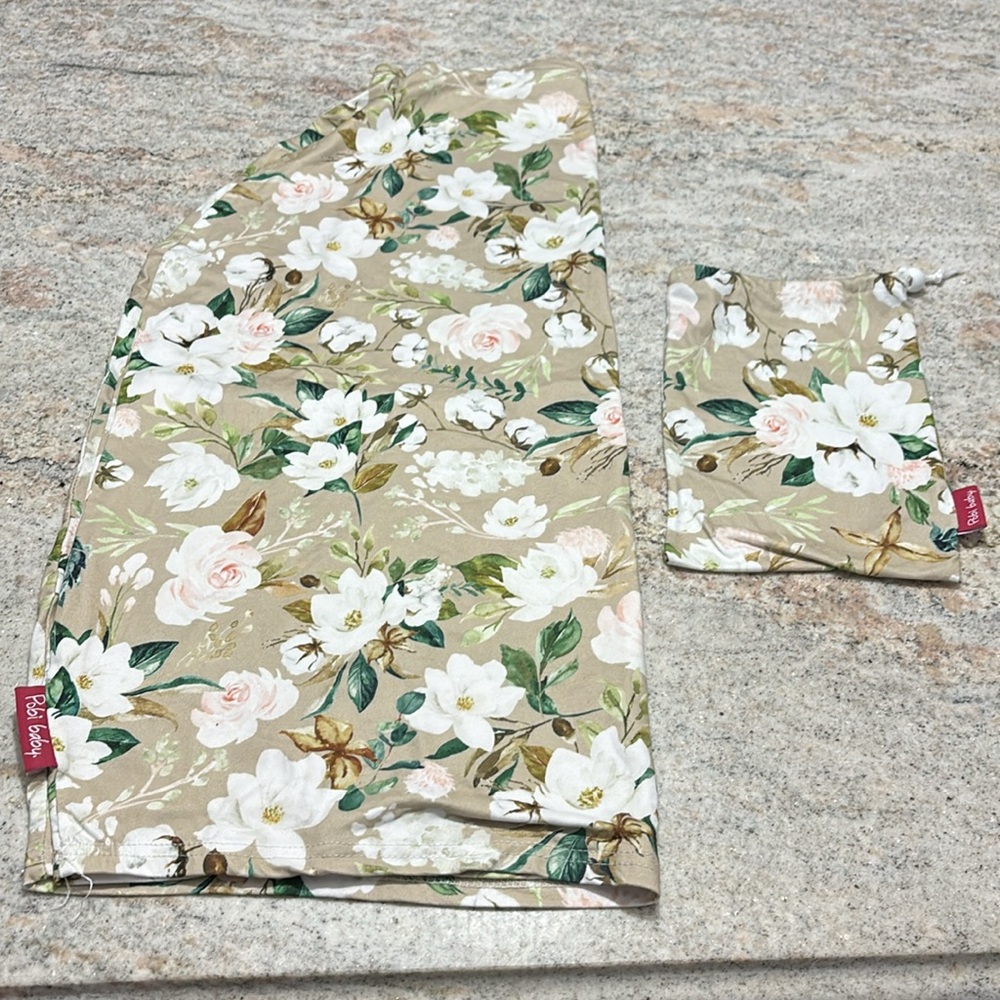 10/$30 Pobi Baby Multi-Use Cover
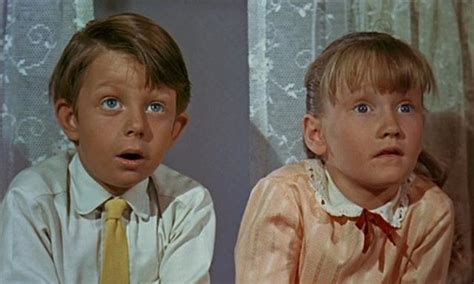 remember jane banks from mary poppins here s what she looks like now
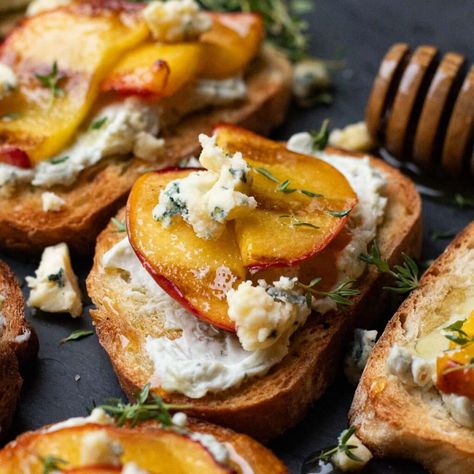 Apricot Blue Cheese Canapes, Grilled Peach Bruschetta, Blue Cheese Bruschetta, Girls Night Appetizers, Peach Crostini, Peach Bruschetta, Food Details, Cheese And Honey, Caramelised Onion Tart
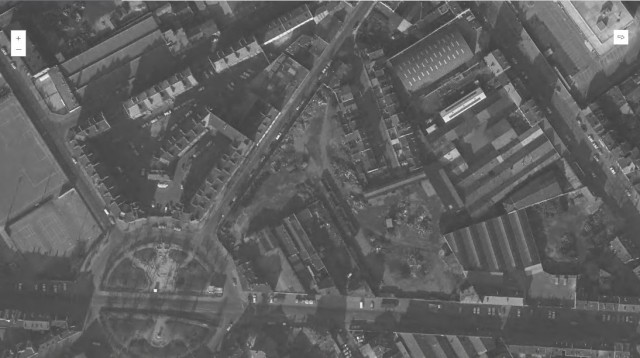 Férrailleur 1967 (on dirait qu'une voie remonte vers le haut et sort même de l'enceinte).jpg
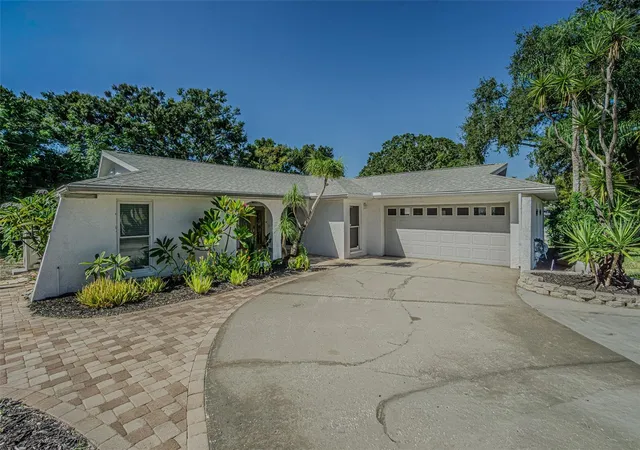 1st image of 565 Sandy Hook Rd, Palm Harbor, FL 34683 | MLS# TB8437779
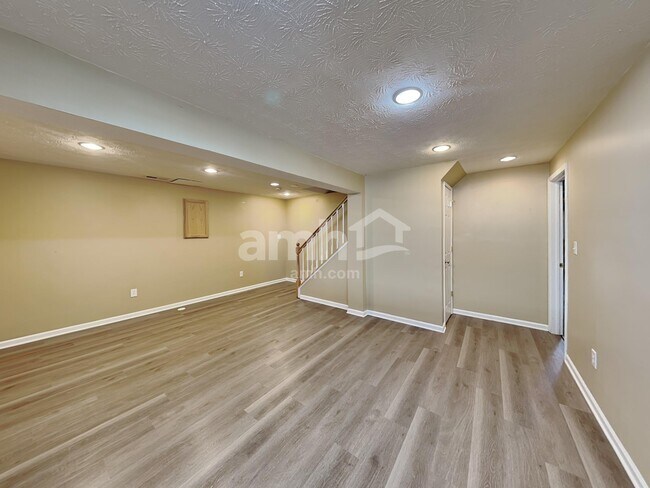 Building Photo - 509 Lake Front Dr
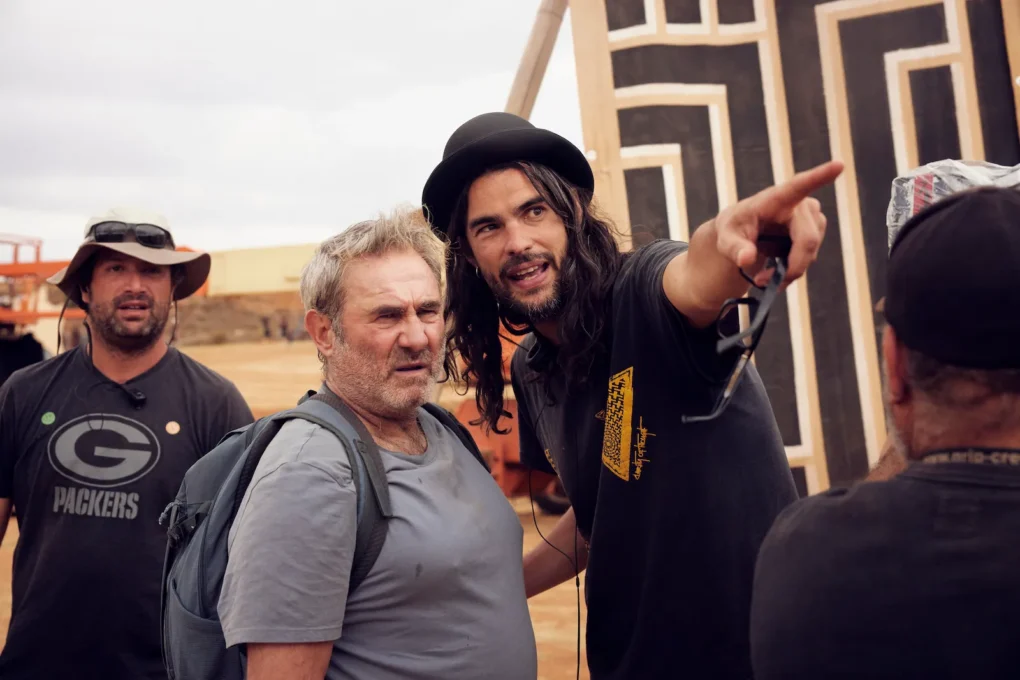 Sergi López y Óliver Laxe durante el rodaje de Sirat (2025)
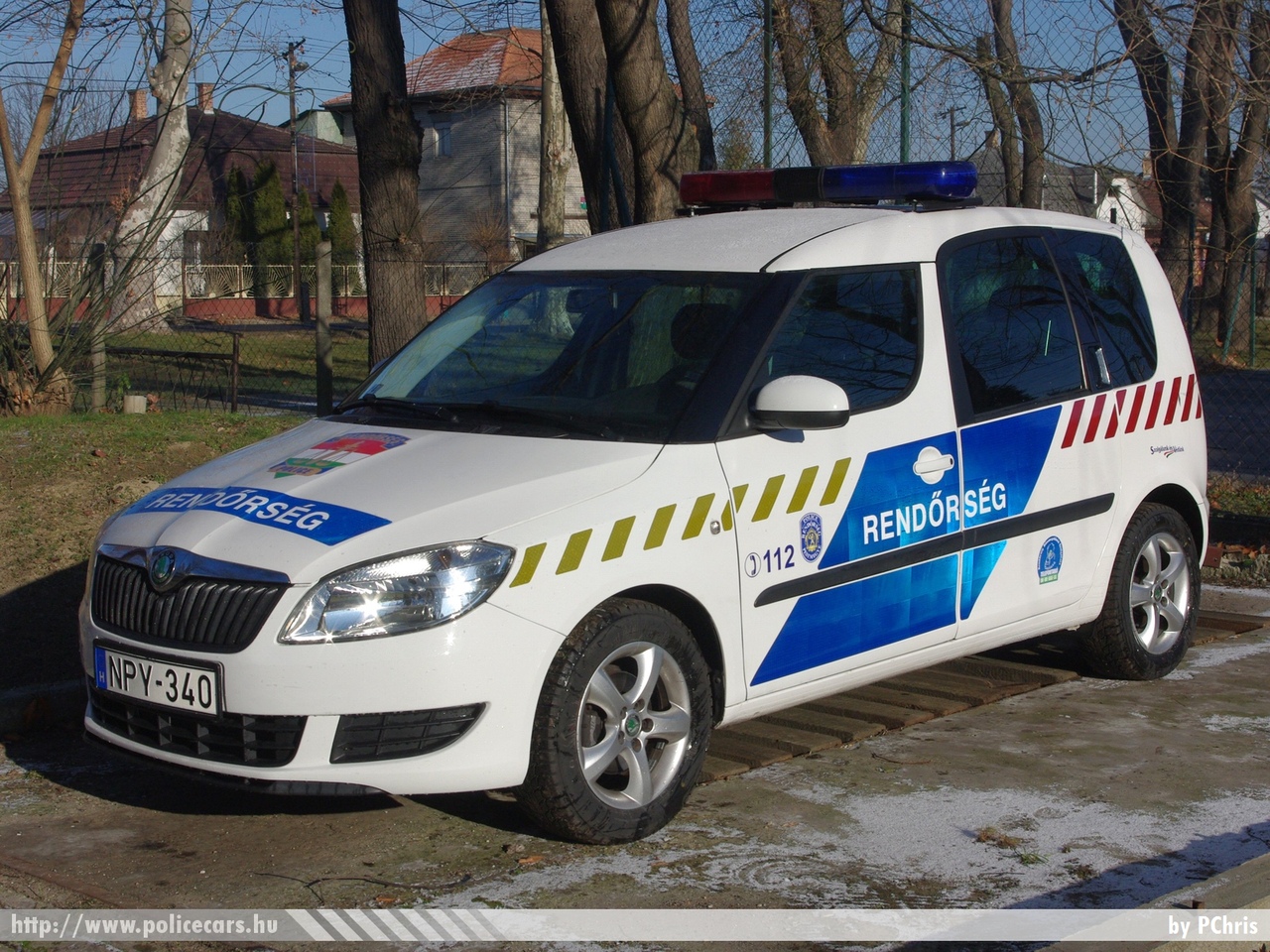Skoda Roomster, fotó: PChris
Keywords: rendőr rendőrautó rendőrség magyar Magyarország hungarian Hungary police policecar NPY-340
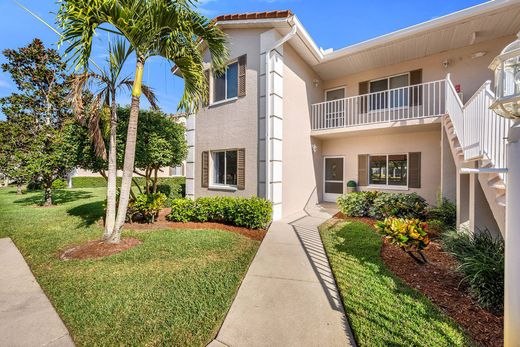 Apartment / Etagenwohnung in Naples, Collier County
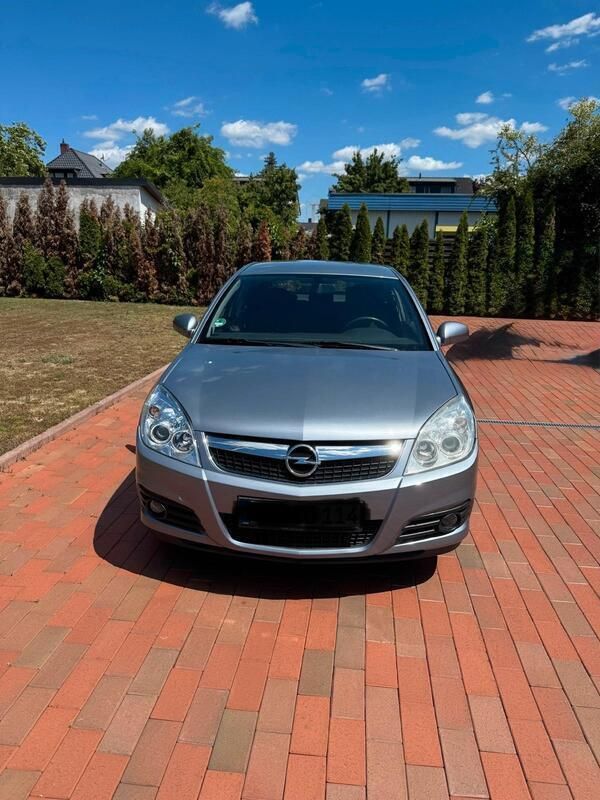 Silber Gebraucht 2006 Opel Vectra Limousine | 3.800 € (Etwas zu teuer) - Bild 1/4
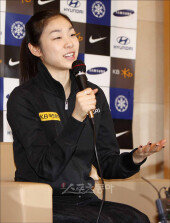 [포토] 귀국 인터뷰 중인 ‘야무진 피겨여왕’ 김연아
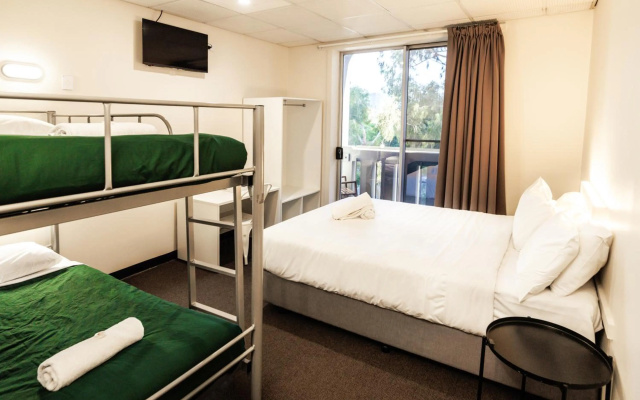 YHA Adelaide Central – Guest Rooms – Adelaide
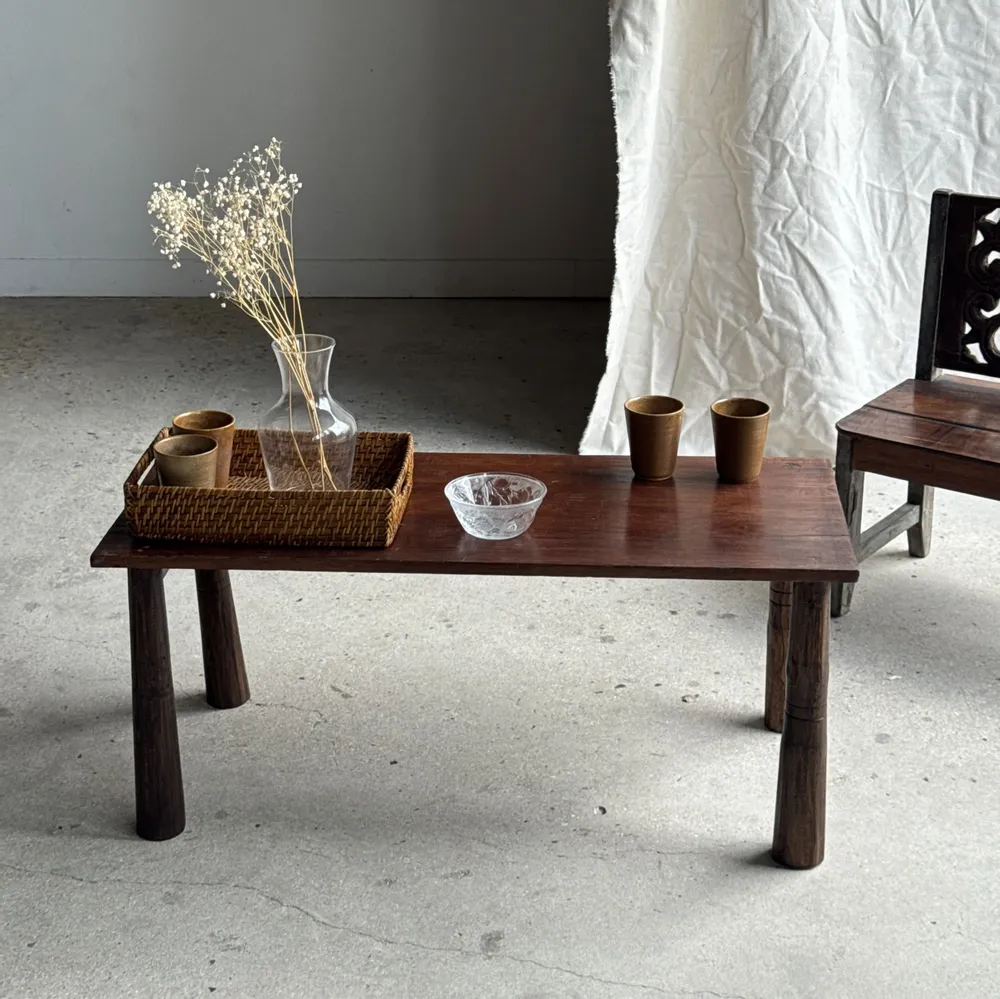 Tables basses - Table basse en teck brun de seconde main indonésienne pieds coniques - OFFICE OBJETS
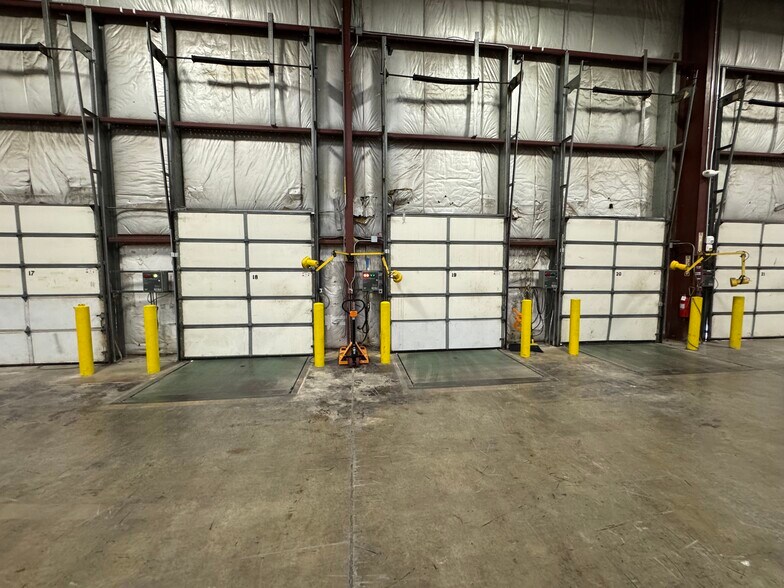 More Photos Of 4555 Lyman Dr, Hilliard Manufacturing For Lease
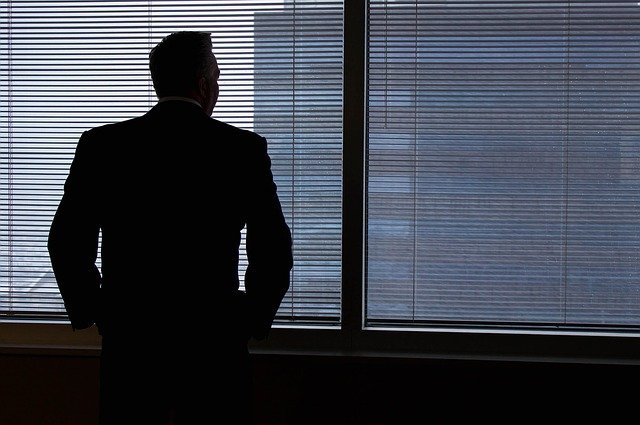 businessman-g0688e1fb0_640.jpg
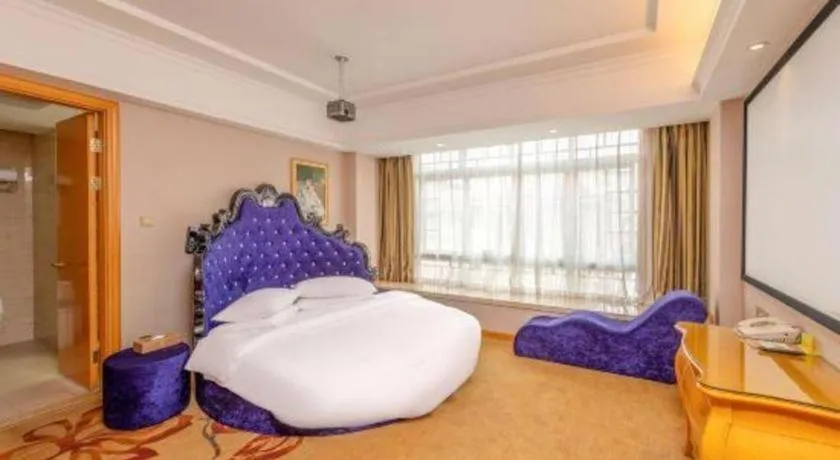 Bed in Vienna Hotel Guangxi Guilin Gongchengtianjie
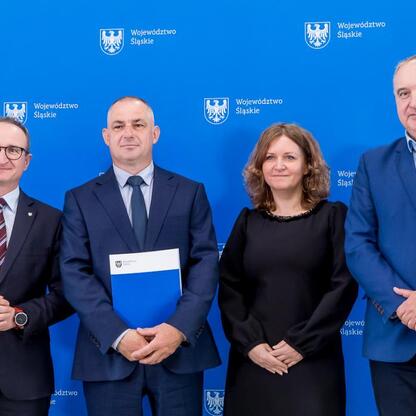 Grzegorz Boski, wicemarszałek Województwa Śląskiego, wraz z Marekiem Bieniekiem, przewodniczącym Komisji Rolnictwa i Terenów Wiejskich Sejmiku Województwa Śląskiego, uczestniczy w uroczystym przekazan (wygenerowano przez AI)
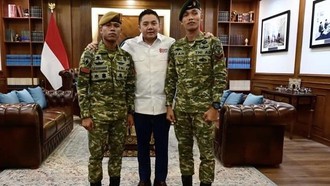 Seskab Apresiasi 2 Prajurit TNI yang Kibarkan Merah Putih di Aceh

-------

- TO DO: Output the material word for word, and keep the pictures out.

- ANSWER AREA:
 10/$30 Pobi Baby Multi-Use Cover
 remember jane banks from mary poppins here s what she looks like now
 Apricot Blue Cheese Canapes, Grilled Peach Bruschetta, Blue Cheese Bruschetta, Girls Night Appetizers, Peach Crostini, Peach Bruschetta, Food Details, Cheese And Honey, Caramelised Onion Tart
 Férrailleur 1967 (on dirait qu'une voie remonte vers le haut et sort même de l'enceinte).jpg
 1st image of 565 Sandy Hook Rd, Palm Harbor, FL 34683 | MLS# TB8437779
 Building Photo - 509 Lake Front Dr
 Sergi López y Óliver Laxe durante el rodaje de Sirat (2025)
Skoda Roomster, fotó: PChris
Keywords: rendőr rendőrautó rendőrség magyar Magyarország hungarian Hungary police policecar NPY-340
 Apartment / Etagenwohnung in Naples, Collier County
 Silber Gebraucht 2006 Opel Vectra Limousine | 3.800 € (Etwas zu teuer) - Bild 1/4
 [포토] 귀국 인터뷰 중인 ‘야무진 피겨여왕’ 김연아
 YHA Adelaide Central – Guest Rooms – Adelaide
 Tables basses - Table basse en teck brun de seconde main indonésienne pieds coniques - OFFICE OBJETS
 More Photos Of 4555 Lyman Dr, Hilliard Manufacturing For Lease
 businessman-g0688e1fb0_640.jpg
 Bed in Vienna Hotel Guangxi Guilin Gongchengtianjie
 Grzegorz Boski, wicemarszałek Województwa Śląskiego, wraz z Marekiem Bieniekiem, przewodniczącym Komisji Rolnictwa i Terenów Wiejskich Sejmiku Województwa Śląskiego, uczestniczy w uroczystym przekazan (wygenerowano przez AI)
 Seskab Apresiasi 2 Prajurit TNI yang Kibarkan Merah Putih di Aceh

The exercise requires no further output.